• Trevor Greenway

Low river leaves locals high & dry

Jim Rudenberg just wants to take a shower.


The Wakefield resident has been out of running water at his Riverside home since Hydro-Quebec lowered the Gatineau River levels in late April. Rudenberg has installed a pipe under a culvert, across the road and into the deeper portion of the river to try and fill his shallow well, but it hasn’t been sustainable.


“We have no water into the house at all, unless I am successful in pumping it out of the river and into my well,” said Rudenberg, standing in the shallow waters of the Gatineau River May 16. “People have brought me drinking water.”


Hydro-Quebec dropped the Gatineau River level by nearly a metre – to 96 metres – on April 27 to repair the Chelsea Dam. Hydro-Quebec spokesperson Alain Paquette told the Low Down that, while the river level is low, it is still “within normal plant operating areas.”


Rudenberg was skeptical of the “one metre” stat. Standing in front of the culvert at 475 Riverside Drive, he pointed to the highwater mark a few feet above him. The water would typically come up to his waist from where he was standing, but over the last three weeks, the water has been just below his knees.


“Let’s call it four feet,” he said, wading through the water. “It’s such a big drop.”


Part of the frustration is that Rudenberg wasn’t informed by Hydro-Quebec or the municipality that the river levels would be dropped and that it could affect his water intake. Chelsea put a notice on its website on April 27 stating that “Hydro-Québec and the municipality of Chelsea are working closely together to limit the impact on the municipal water intake.”


But there was no notice sent to La Pêche residents and nothing posted on its website. Residents like Rudenberg had no time to plan.


“There was no warning,” he said. “It just bothers me not being able to shower, use your toilet — all those nice things that we enjoy. I really miss that.”


La Pêche Mayor Guillaume Lamoureux confirmed that he was not made aware of any planned work by Hydro-Quebec and added that they alerted Chelsea, but failed to send a similar notice to La Pêche. Hydro-Quebec said they recognized the mistake and will ensure they send notices out to all affected residents in the future.


Chelsea resident Heather Horak is in a similar situation at her Chelsea cottage. She’s had no running water, and the low levels have beached her boat, which she uses to arrive and depart from her home, since her property has no road service.
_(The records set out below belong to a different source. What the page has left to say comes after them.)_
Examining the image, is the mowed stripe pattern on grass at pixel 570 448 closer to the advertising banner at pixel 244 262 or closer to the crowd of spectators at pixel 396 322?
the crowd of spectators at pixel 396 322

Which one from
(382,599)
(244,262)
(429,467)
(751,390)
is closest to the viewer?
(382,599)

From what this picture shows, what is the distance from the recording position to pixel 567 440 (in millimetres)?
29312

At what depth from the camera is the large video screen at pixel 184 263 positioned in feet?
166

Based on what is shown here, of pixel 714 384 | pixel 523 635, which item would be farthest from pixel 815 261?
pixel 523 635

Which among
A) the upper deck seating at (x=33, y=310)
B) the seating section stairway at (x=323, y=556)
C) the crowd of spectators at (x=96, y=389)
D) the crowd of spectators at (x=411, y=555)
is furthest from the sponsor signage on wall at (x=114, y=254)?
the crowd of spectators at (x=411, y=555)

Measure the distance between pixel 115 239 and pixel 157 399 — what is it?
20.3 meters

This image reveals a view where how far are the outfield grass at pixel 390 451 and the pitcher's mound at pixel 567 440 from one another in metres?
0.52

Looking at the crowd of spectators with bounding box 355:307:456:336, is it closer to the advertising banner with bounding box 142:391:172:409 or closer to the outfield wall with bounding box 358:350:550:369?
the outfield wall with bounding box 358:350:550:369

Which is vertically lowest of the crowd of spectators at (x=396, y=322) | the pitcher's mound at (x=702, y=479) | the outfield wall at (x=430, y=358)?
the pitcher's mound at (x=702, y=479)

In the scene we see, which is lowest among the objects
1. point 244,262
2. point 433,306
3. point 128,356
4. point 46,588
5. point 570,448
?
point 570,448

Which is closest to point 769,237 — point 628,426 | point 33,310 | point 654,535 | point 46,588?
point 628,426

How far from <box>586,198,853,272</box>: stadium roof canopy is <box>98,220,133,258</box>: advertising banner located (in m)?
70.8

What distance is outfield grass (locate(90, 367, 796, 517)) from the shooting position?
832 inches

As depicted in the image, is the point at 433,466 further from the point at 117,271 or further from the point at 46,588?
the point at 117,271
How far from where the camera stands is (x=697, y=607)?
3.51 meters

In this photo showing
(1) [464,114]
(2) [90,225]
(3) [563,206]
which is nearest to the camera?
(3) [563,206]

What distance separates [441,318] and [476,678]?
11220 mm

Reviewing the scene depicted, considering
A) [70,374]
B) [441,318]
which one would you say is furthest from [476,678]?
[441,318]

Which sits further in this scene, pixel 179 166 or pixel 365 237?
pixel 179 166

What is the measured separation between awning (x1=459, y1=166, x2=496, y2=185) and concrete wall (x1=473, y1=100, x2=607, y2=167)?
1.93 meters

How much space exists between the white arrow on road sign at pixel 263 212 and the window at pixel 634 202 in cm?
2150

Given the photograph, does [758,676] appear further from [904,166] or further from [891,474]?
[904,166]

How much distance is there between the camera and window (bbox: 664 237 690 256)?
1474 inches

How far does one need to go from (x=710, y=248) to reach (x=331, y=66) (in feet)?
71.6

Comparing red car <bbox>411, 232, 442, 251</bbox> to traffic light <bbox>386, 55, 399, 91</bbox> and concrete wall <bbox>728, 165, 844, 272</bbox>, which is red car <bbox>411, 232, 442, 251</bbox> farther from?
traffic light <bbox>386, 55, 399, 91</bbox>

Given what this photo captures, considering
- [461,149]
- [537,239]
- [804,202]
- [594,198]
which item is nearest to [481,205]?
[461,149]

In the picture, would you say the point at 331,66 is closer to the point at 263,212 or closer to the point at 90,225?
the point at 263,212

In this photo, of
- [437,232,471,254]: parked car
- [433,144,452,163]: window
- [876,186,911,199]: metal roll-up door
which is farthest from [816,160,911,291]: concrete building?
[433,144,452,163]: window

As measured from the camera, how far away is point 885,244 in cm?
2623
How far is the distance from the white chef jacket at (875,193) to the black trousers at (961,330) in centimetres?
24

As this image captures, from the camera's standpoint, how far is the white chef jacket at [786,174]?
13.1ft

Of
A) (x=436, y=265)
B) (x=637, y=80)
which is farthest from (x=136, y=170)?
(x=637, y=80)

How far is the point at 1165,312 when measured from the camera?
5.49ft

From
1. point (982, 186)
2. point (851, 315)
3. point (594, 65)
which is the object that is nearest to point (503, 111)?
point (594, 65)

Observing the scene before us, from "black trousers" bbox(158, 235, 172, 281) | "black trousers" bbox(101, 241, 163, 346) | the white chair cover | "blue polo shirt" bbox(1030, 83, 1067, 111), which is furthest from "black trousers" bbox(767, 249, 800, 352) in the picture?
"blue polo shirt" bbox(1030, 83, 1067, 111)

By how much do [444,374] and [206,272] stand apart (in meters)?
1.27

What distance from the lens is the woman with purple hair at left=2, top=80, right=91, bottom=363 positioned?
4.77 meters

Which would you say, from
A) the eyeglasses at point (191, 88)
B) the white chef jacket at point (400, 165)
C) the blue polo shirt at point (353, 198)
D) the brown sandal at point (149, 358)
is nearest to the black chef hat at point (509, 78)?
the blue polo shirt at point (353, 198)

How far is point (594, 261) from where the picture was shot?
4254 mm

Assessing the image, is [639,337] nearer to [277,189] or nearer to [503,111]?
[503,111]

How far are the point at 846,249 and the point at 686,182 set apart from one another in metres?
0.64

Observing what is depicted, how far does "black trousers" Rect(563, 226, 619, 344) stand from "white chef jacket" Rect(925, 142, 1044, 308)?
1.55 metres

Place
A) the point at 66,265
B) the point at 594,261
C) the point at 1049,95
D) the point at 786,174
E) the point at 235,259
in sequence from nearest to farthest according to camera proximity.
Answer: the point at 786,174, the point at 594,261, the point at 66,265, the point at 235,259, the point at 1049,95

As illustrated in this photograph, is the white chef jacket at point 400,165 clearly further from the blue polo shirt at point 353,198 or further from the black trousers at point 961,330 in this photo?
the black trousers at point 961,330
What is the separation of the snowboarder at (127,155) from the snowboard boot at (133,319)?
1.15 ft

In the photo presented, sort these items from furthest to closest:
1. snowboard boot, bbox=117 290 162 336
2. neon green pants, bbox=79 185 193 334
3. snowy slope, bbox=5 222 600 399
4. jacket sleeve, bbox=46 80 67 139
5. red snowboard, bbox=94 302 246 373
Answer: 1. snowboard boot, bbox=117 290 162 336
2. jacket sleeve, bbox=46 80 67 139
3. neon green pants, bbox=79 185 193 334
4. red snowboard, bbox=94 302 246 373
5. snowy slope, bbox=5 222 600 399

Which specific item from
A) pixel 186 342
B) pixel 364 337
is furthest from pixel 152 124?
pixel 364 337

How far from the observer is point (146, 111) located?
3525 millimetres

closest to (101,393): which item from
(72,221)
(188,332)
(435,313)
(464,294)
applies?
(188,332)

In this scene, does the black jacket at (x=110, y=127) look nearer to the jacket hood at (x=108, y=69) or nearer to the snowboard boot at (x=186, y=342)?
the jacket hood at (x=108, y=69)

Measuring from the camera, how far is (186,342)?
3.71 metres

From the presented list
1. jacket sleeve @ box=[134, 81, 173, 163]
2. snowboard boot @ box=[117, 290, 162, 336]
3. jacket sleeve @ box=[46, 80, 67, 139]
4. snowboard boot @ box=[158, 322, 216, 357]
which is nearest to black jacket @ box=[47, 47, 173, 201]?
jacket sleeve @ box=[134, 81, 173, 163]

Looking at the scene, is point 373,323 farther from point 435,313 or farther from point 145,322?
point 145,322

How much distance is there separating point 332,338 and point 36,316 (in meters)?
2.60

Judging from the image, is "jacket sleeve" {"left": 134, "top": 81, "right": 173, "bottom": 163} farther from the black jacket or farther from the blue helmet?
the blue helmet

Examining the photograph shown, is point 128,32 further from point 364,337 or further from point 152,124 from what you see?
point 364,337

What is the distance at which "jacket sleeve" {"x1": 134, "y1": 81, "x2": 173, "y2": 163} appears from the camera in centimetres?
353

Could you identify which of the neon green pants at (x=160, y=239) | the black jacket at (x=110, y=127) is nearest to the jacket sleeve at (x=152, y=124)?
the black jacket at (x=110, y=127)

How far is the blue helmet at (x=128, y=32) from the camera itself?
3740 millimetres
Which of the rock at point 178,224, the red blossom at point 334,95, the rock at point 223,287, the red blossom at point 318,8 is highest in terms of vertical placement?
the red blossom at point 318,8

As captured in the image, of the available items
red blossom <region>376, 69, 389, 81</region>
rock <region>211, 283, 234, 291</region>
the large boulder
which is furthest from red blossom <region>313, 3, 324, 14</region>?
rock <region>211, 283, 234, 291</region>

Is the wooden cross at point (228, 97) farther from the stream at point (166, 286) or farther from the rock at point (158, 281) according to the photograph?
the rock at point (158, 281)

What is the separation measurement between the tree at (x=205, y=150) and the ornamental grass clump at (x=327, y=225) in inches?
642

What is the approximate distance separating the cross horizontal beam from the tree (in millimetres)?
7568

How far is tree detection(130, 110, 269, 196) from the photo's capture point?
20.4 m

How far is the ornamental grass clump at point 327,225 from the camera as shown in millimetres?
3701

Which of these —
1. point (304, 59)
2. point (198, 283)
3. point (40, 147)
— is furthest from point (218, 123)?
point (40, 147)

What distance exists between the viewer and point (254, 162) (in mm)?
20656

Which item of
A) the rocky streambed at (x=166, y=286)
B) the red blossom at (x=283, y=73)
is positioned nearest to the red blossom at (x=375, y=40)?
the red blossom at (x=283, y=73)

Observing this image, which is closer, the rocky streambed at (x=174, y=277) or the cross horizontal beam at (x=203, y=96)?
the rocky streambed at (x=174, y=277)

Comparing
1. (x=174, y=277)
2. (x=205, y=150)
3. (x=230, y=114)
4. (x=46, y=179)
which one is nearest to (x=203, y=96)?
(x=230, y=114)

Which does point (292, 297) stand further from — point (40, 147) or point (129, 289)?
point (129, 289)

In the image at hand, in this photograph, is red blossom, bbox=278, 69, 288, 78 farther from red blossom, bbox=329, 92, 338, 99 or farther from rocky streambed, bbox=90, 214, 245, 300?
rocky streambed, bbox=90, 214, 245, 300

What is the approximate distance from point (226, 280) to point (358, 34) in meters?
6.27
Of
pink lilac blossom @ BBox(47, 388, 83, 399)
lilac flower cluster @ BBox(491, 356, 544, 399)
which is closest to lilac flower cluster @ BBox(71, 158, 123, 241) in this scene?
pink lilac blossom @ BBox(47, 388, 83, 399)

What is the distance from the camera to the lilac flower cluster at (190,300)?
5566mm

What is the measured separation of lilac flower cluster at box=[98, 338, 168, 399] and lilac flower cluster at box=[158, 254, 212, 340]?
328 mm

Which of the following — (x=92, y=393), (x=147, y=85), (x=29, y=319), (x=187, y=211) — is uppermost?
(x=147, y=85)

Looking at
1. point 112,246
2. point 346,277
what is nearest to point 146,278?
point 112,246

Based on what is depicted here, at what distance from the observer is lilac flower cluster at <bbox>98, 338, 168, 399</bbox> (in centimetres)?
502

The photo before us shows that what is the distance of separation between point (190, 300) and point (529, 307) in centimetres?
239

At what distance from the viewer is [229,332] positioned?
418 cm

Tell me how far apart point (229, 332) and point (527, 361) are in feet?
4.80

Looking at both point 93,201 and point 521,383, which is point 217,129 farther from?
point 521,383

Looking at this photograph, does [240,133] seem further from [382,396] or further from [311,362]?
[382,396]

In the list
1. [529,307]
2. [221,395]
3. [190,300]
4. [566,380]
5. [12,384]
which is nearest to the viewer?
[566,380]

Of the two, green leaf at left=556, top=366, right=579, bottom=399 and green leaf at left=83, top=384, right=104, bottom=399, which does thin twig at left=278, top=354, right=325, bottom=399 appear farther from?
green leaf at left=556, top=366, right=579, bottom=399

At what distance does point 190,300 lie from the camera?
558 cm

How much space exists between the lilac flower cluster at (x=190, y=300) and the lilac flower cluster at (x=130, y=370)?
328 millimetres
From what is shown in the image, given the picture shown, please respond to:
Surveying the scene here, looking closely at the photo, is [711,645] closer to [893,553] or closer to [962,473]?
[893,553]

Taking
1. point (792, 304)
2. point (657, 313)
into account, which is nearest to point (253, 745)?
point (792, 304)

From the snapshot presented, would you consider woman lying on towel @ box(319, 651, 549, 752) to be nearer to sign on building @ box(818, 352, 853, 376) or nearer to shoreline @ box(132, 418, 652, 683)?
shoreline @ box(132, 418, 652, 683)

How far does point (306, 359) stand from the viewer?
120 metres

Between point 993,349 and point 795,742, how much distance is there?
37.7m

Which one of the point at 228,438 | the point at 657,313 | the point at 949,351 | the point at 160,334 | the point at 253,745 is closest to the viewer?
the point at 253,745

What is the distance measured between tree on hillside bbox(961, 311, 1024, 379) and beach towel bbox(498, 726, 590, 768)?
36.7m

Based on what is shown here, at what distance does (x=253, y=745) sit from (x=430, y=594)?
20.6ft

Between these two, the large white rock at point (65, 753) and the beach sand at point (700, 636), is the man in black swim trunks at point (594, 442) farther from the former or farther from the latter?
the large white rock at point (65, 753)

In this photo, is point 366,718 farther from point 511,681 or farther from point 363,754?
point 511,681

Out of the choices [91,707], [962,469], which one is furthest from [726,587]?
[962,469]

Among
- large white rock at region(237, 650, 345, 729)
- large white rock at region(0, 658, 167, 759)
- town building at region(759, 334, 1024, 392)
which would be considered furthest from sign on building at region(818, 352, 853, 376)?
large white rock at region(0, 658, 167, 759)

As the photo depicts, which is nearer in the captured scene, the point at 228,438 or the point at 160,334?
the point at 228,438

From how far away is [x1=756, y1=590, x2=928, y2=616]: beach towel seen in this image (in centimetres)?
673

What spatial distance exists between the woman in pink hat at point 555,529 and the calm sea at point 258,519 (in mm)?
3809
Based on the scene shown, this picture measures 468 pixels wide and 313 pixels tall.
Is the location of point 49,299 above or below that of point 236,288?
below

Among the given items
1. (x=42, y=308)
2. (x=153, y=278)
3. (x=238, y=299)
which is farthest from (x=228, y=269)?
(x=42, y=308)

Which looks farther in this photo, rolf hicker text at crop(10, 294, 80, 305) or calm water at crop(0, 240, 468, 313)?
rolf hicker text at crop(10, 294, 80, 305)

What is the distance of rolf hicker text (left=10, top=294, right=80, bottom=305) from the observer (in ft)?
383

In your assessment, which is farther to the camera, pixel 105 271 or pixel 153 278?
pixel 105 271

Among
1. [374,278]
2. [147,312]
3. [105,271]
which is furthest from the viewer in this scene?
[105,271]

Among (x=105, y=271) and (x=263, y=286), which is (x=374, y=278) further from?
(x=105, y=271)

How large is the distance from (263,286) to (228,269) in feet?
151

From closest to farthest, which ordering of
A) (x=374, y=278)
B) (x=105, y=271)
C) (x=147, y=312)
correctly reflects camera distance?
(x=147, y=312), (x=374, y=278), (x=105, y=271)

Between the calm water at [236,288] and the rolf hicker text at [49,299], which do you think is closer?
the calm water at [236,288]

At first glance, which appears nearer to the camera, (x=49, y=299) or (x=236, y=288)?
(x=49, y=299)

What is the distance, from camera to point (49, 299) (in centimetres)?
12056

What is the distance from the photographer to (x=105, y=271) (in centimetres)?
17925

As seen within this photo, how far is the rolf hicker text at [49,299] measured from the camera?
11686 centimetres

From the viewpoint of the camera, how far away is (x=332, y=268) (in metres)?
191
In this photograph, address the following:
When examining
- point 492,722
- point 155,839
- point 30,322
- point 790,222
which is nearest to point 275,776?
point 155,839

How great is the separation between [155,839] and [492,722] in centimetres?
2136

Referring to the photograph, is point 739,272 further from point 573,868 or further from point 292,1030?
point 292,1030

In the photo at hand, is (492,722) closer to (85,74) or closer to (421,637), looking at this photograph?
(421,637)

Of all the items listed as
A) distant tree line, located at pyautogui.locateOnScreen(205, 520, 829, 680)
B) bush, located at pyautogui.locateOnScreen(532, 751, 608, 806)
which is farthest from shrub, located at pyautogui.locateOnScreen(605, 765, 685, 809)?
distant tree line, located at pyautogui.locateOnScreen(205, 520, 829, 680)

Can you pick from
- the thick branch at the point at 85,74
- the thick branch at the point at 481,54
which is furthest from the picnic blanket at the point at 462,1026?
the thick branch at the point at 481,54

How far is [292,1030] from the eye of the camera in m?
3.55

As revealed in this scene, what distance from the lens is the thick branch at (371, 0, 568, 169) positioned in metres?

The low levels have beached her vessel, and she has struggled to bring in supplies.


“My most immediate issue here is drinking water because I usually haul it across in the powerboat – the beached vessel – and it's really hard with the canoe,” said Horak. “That’s one of the issues — the shoreline is 20 feet of quicksand mud. My ‘driveway’ is beached.”

Chelsea resident Heather Horak's boat has been beached. Since her property has no road service, the boat is her only transportation to and from her cottage. Trevor Greenway photo

Horak was finally able to get her beached boat back in the water on May 15, but she’s still dealing with a front yard of quicksand.


Hydro-Quebec told the Low Down that Gatineau River levels would return to their standard 96.93 metres once the dam repair is finished near the end of May.

“The period during which the level had to be lowered was reduced to a minimum in order to limit the impacts of the works as much as possible, both on the citizens and on the wildlife,” added Paquette.


Concerning the impact on wildlife, director of science and policy at Friends of the Gatineau River (FOG) Ronnie Drever told the Low Down that low river levels can positively and negatively affect wildlife.


While river drawdowns can eliminate habitat for nearshore plants, animals and fish, predatory fish are actually “better fed because of the reduction in nearshore refuge for various species.” Drever added that low river levels can breed blue-green algae and other bacteria.


“A drawdown can cause an increase in nutrient concentrations and temperature of shallow water layers, which may lead to severe cyanobacterial blooms. Cyanobacteria (also known as blue-green algae) can create a toxin harmful to human health,” explained Drever. “Because of the reduction in water levels, the typical shoreline would likely be exposed to less wave action erosion. However, fine sediments along the temporary shoreline can be eroded and moved downstream, which can increase turbidity. There is some evidence that concentrations of E. coli bacteria can increase with turbidity.”


Hydro-Quebec said they have environmental specialists closely monitoring the work and confirmed that they obtained all the required approvals to move forward.